Skip to content

mrecos/KLRFome_JAX

Repository files navigation

Python 3.9+ JAX DOI

KLRfome - Kernel Logistic Regression on Focal Mean Embeddings

Python/JAX implementation for GPU-accelerated distribution regression on geospatial data.

Originally developed for archaeological site prediction, KLRfome solves Distribution Regression problems where each observation is characterized by a distribution of measurements rather than a single feature vector.

Original R Package: mrecos/klrfome
Documentation: mrecos.github.io/klrfome
Paper: Harris, M.D. (2019). KLRfome - Kernel Logistic Regression on Focal Mean Embeddings. Journal of Open Source Software, 4(35), 722.


The Problem: Distribution Regression

Traditional regression maps a single outcome to a single set of features—one observation, one feature vector. But many real-world problems don't fit this mold.

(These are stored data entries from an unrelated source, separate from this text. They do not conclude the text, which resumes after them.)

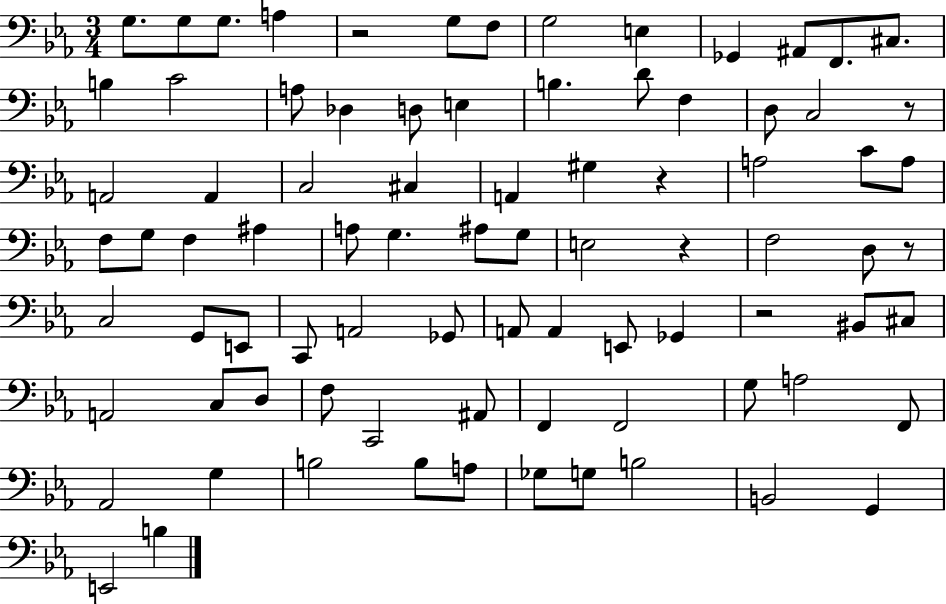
{
  \clef bass
  \numericTimeSignature
  \time 3/4
  \key ees \major
  g8. g8 g8. a4 | r2 g8 f8 | g2 e4 | ges,4 ais,8 f,8. cis8. | \break b4 c'2 | a8 des4 d8 e4 | b4. d'8 f4 | d8 c2 r8 | \break a,2 a,4 | c2 cis4 | a,4 gis4 r4 | a2 c'8 a8 | \break f8 g8 f4 ais4 | a8 g4. ais8 g8 | e2 r4 | f2 d8 r8 | \break c2 g,8 e,8 | c,8 a,2 ges,8 | a,8 a,4 e,8 ges,4 | r2 bis,8 cis8 | \break a,2 c8 d8 | f8 c,2 ais,8 | f,4 f,2 | g8 a2 f,8 | \break aes,2 g4 | b2 b8 a8 | ges8 g8 b2 | b,2 g,4 | \break e,2 b4 | \bar "|."
}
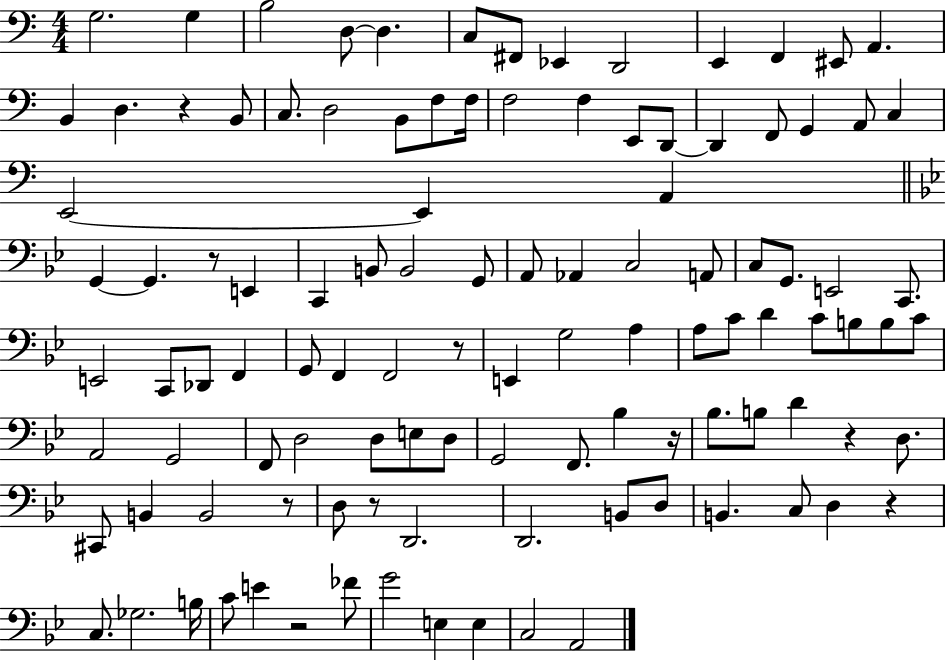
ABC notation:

X:1
T:Untitled
M:4/4
L:1/4
K:C
G,2 G, B,2 D,/2 D, C,/2 ^F,,/2 _E,, D,,2 E,, F,, ^E,,/2 A,, B,, D, z B,,/2 C,/2 D,2 B,,/2 F,/2 F,/4 F,2 F, E,,/2 D,,/2 D,, F,,/2 G,, A,,/2 C, E,,2 E,, A,, G,, G,, z/2 E,, C,, B,,/2 B,,2 G,,/2 A,,/2 _A,, C,2 A,,/2 C,/2 G,,/2 E,,2 C,,/2 E,,2 C,,/2 _D,,/2 F,, G,,/2 F,, F,,2 z/2 E,, G,2 A, A,/2 C/2 D C/2 B,/2 B,/2 C/2 A,,2 G,,2 F,,/2 D,2 D,/2 E,/2 D,/2 G,,2 F,,/2 _B, z/4 _B,/2 B,/2 D z D,/2 ^C,,/2 B,, B,,2 z/2 D,/2 z/2 D,,2 D,,2 B,,/2 D,/2 B,, C,/2 D, z C,/2 _G,2 B,/4 C/2 E z2 _F/2 G2 E, E, C,2 A,,2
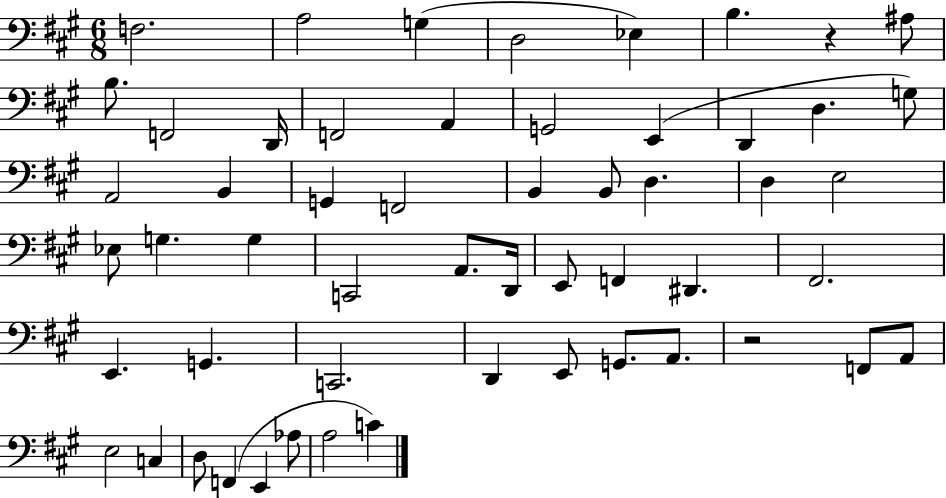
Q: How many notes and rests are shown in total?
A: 55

Distribution Regression maps a single outcome to a distribution of features:

Traditional Regression Distribution Regression
One feature vector per observation Many feature vectors per observation
Point measurements Spatially distributed measurements
Collapse distribution to summary statistics Model the full distribution

When to Use KLRfome

KLRfome is designed for problems where:

  1. Observations are spatial regions, not points (e.g., site boundaries, habitat patches, land parcels)
  2. Each region contains multiple measurements of environmental or contextual variables
  3. You want to predict the probability of an outcome across a landscape
Domain Observation Unit Distribution of Features
Archaeology Site boundary Environmental measurements within site
Ecology Habitat patch Species observations across patch
Remote Sensing Land parcel Pixel values within parcel
Urban Planning Neighborhood Property characteristics in area
Environmental Science Watershed Sensor readings across watershed


How KLRfome Works

  1. Represent each location as a collection ("bag") of environmental feature vectors sampled from within its boundary
  2. Compute similarity between locations using mean embeddings in a Reproducing Kernel Hilbert Space (RKHS)
  3. Fit Kernel Logistic Regression on the resulting similarity matrix
  4. Predict across the landscape using focal windows that compute similarity between each neighborhood and the training locations

The name derives from this approach: Kernel Logistic Regression on FOcal Mean Embeddings (KLRfome, pronounced "clear foam").


Installation

# From PyPI (when available)
pip install klrfome

# From source
git clone https://github.com/mrecos/KLRFome_JAX
cd KLRFome_JAX
pip install -e .

Requirements

  • Python 3.9+
  • JAX (with optional GPU support)
  • NumPy, Rasterio, GeoPandas

For GPU acceleration, install JAX with CUDA support:

pip install --upgrade "jax[cuda12]"

Quick Start

Example data is included in example_data/ so you can run this immediately after installation:

from klrfome import KLRfome, RasterStack
import geopandas as gpd
import numpy as np
import rasterio
from sklearn.metrics import roc_auc_score
import matplotlib.pyplot as plt

# Load the included example data (200x200 rasters, 25 sites)
raster_stack = RasterStack.from_files([
    'example_data/var1.tif',
    'example_data/var2.tif', 
    'example_data/var3.tif'
])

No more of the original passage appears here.